Posted - 02/06/2011 :  6:07:56 PM  Show Profile Send Tails a Private Message  Reply with Quote
STONEHAM

Trash fee revived to limit cutbacks
Would start July 1 without tax hike

By John Laidler
Globe Correspondent / February 6, 2011

Faced with steep budget cuts, including closing the Stoneham Public Library, the town’s Board of Selectmen is looking to generate new revenue through a trash fee.

By a 4-1 vote, the board recently approved a plan — with conditions — to reinstitute a townwide fee for curbside trash collection starting July 1.

Selectmen made the move after Town Administrator David Ragucci prepared a spending plan for the 2012 fiscal year that included $2.6 million in cuts that he said would be needed to achieve a balanced budget.

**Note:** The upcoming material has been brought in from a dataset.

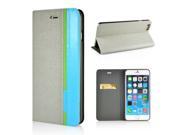 Mix Color Stand Wallet Leather Case with Card Slot for iPhone 6 4.7 inch Gray Blue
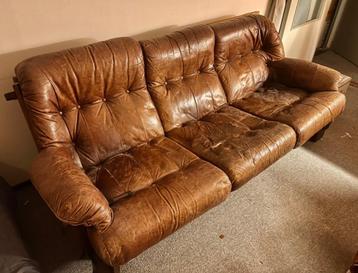 Vintage brutalist bruin leren 3-zits bank, jaren 60 70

The new trash fee would raise $1.6 million, according to his calculations.

The selectmen’s decision calls for Stoneham’s Tri-Board, comprising the selectmen, School Committee, and Finance and Advisory Board, to agree by March 1 on a plan to achieve balanced budgets for the next five years, and states that the trash fee would not be imposed if residents approve a property-tax increase at the town election in April.

If assessed uniformly, the annual fee would be $252 per household, but selectmen said the actual charge may vary if, for example, they were to adopt a discount for older residents.

In Stoneham, selectmen determine whether to impose a trash-collection fee on an annual basis, so the one approved Jan. 18 would be for fiscal 2012 only. The last time the town charged a separate trash fee was in the 2008 fiscal year.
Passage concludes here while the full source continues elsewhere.